● INPUT DATA
■ ■ ■

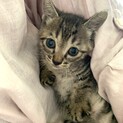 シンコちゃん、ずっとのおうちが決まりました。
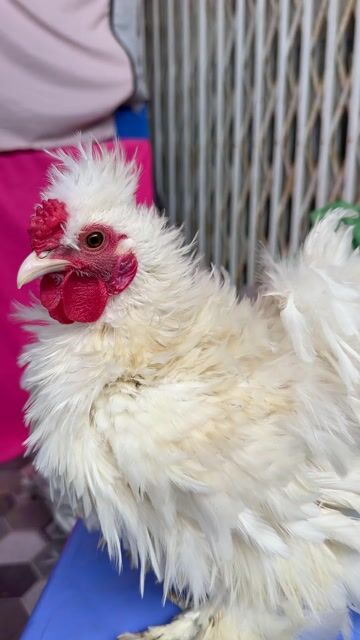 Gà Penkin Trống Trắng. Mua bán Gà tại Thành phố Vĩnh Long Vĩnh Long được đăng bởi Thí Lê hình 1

■ ■ ■

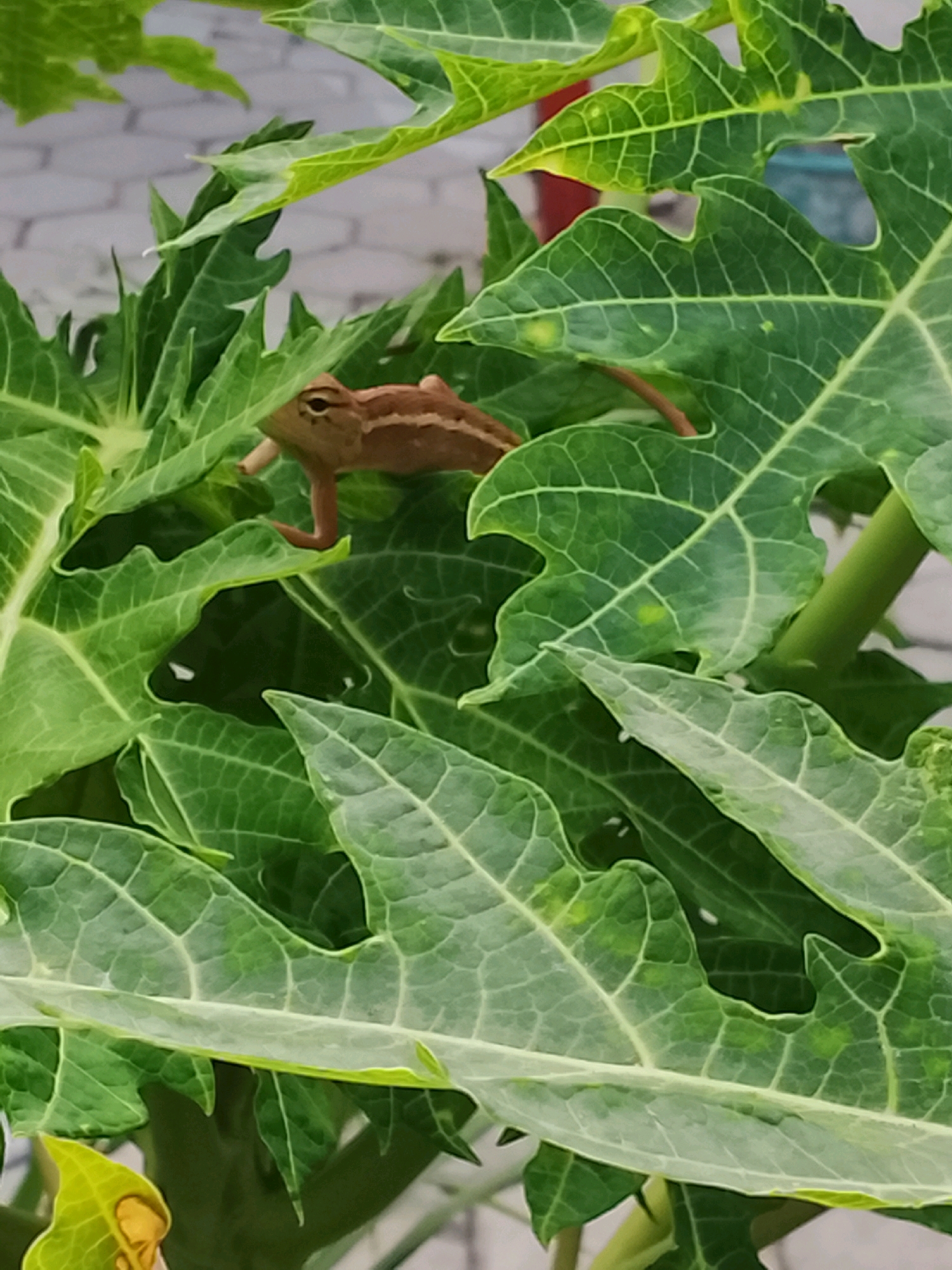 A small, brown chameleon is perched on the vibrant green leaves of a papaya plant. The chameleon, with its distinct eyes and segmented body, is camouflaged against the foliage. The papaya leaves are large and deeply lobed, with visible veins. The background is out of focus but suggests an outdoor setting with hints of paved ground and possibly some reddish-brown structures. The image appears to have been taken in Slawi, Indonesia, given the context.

■ ■ ■

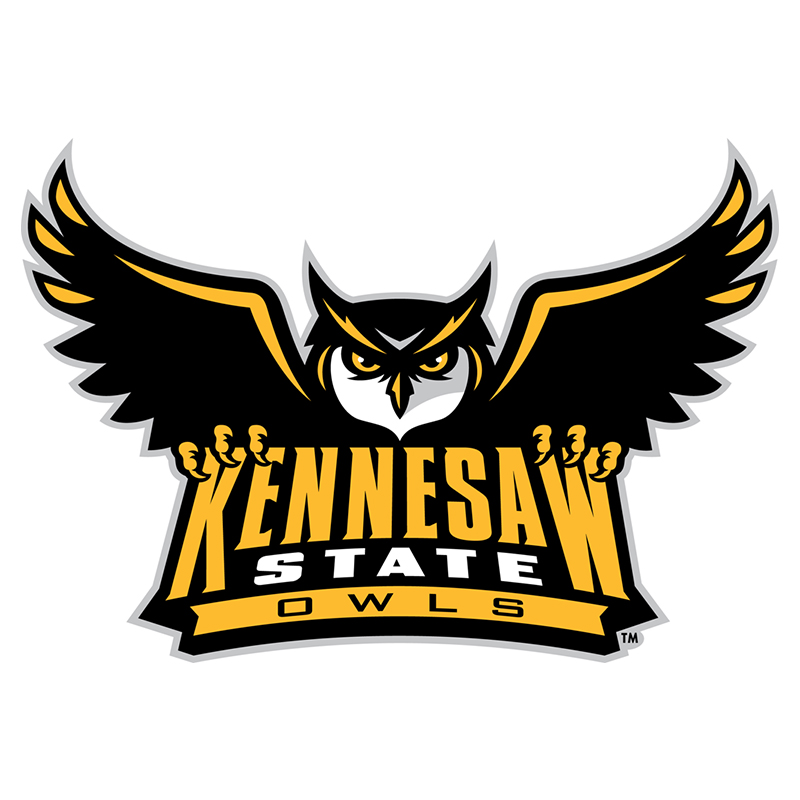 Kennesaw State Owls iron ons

■ ■ ■

● ASSIGNMENT
Retype, exactly and with no pictures, everything above from the line with "シンコちゃん、ずっとのおうちが決まりました。" down to the line with "Gà Penkin Trống", both included.

● SOLUTION BELOW
 シンコちゃん、ずっとのおうちが決まりました。
 Gà Penkin Trống Trắng. Mua bán Gà tại Thành phố Vĩnh Long Vĩnh Long được đăng bởi Thí Lê hình 1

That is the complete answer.